MOSCOW. Jan 15 (Interfax) - Neither Interpol's Russian bureau, nor other Russian law enforcement agencies have any information on the forthcoming withdrawal of the international warrant for the arrest of the former largest Yukos shareholder, Leonid Nevzlin.

"The Russian law enforcement agencies, including the National Central Bureau of Interpol in Russia, do not have any information about plans to withdraw the international warrant for Nevzlin's search and arrest," a source familiar with the situation told Interfax on Wednesday.

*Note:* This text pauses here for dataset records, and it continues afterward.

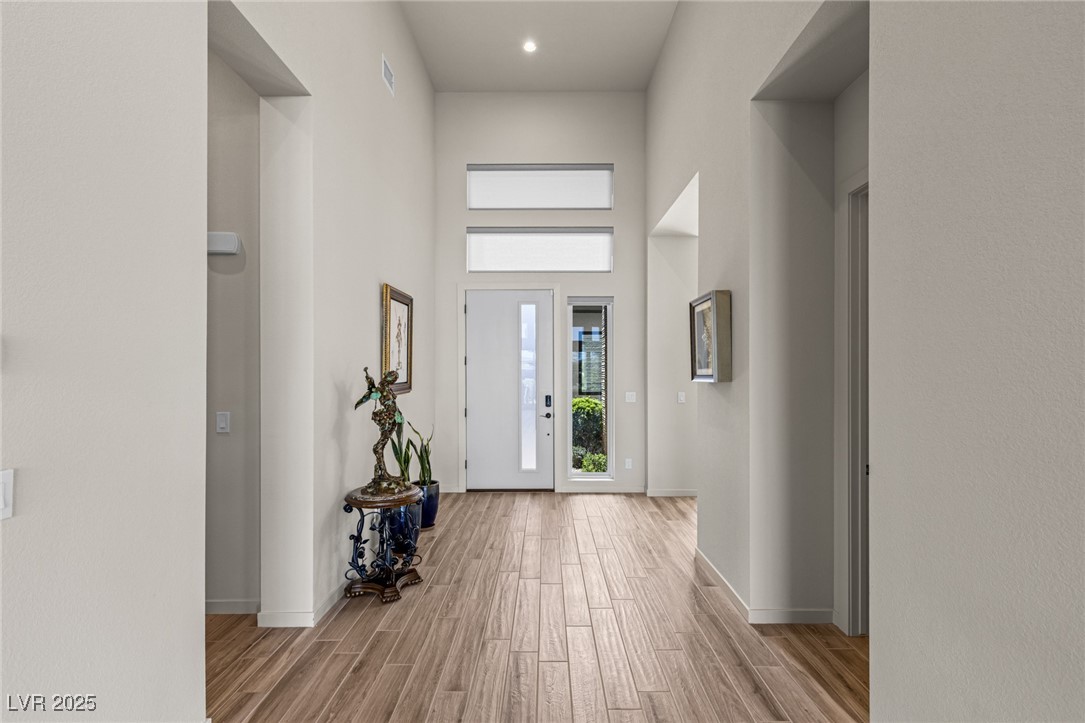 5192 Rock Daisy Drive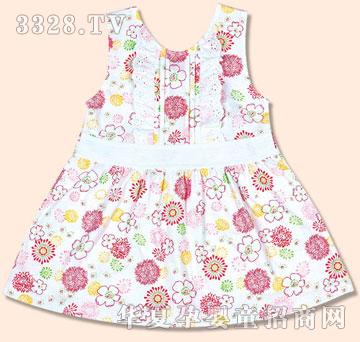 ����������_������ȹ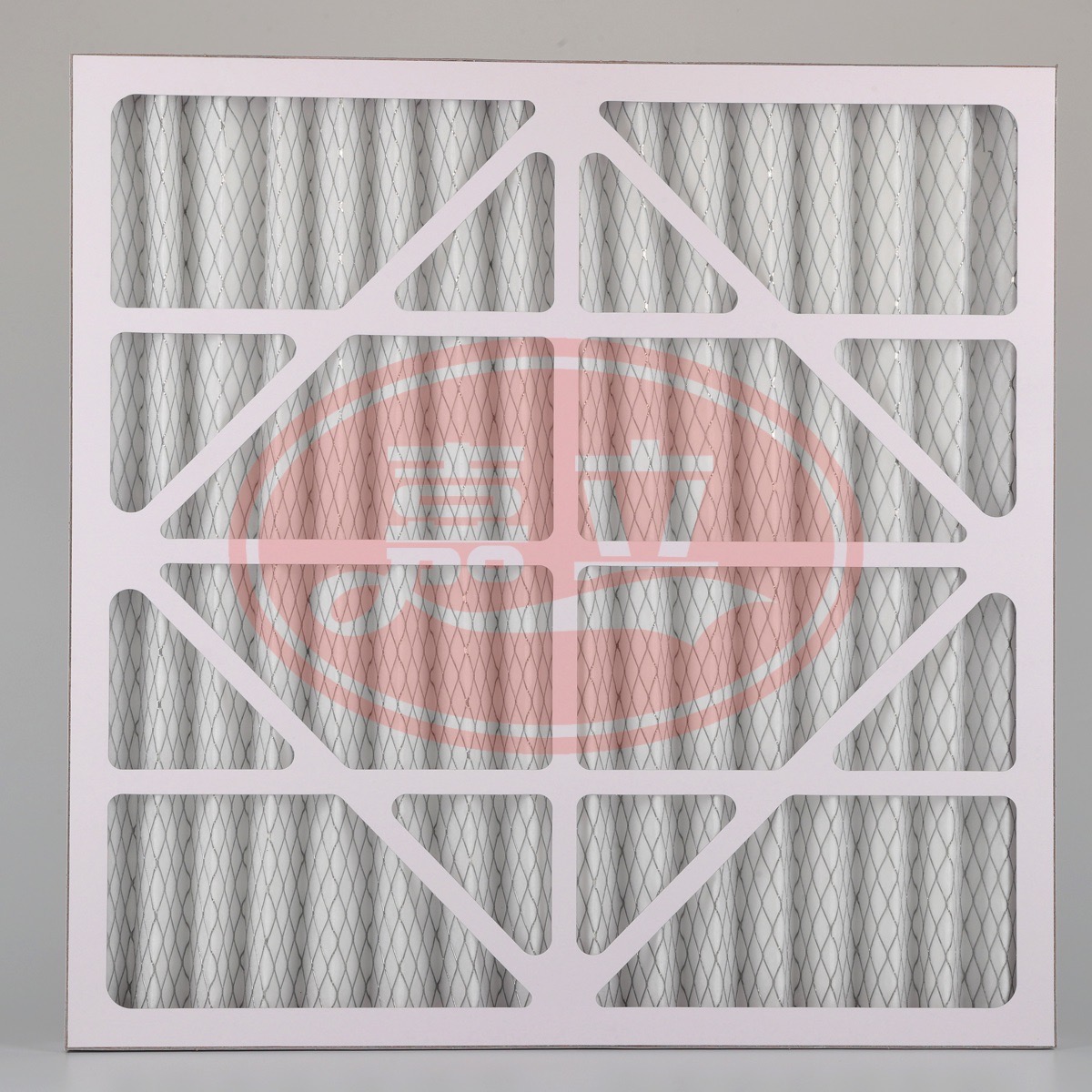 乡宁纸框过滤器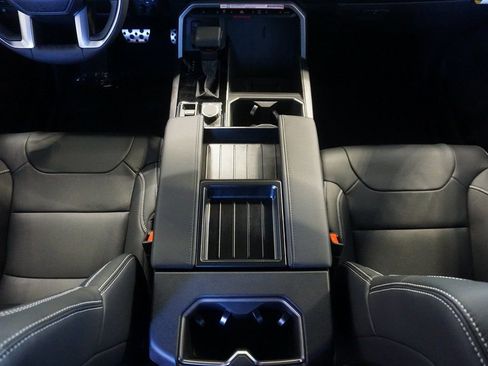 New 2026 Toyota Tundra SR5 image 30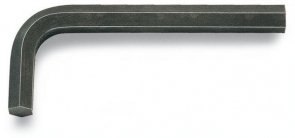 KLUCZ TRZPIENIOWY KĄTOWY 6-KĄTNY 13MM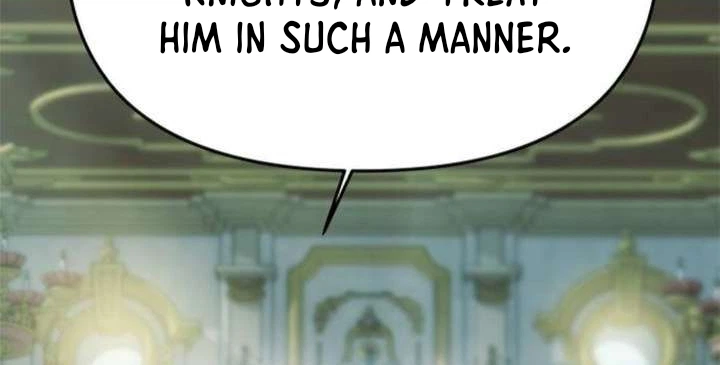 One Husband Is Enough Chapter 101 Page 9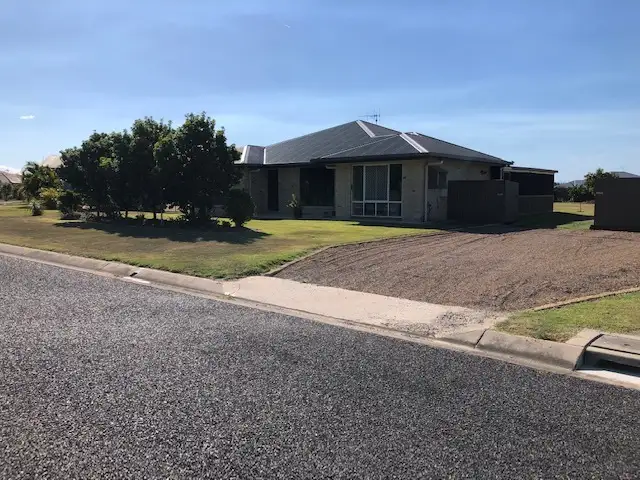 Fifth view of Homely house listing, 11 Wallum St, Woodgate QLD 4660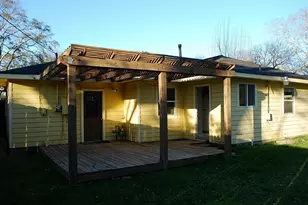 6611 Housman St, Houston, TX 77055 - Photo 16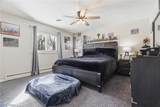 5227 Clovelly Drive - Photo 20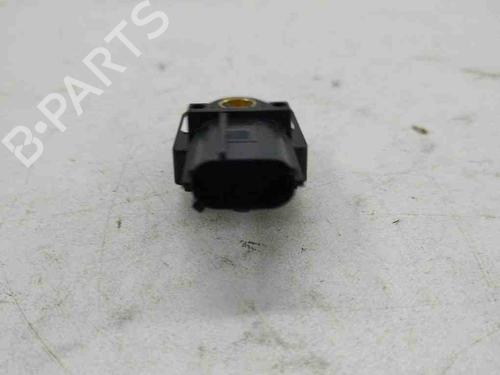 Electronic sensor CITROËN C-CROSSER (VU_, VV_) 2.2 HDi | BP28877655M84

Such claims were made earlier by Nevzlin himself, a former Yukos co-owner who has resided in Israel since 2003. In an interview with local media outlets he said, in particular: "Good news for me. Two days ago Interpol admitted the political motivation behind my persecution and entered this in my card, which leads - as I was told, and I can only pray for it - to the Red Notice, Interpol's red warrant, soon disappearing for me."

The so-called red warrant means immediate arrest in the case of a search of highly dangerous fugitives, he said.

Until June 2002 Yukos' largest shareholder Nevzlin sat on the company board and held various executive posts at the oil company's subdivisions and at the Menatep bank. Since June 2003 Nevzlin has lived in Israel where he obtained citizenship the same year.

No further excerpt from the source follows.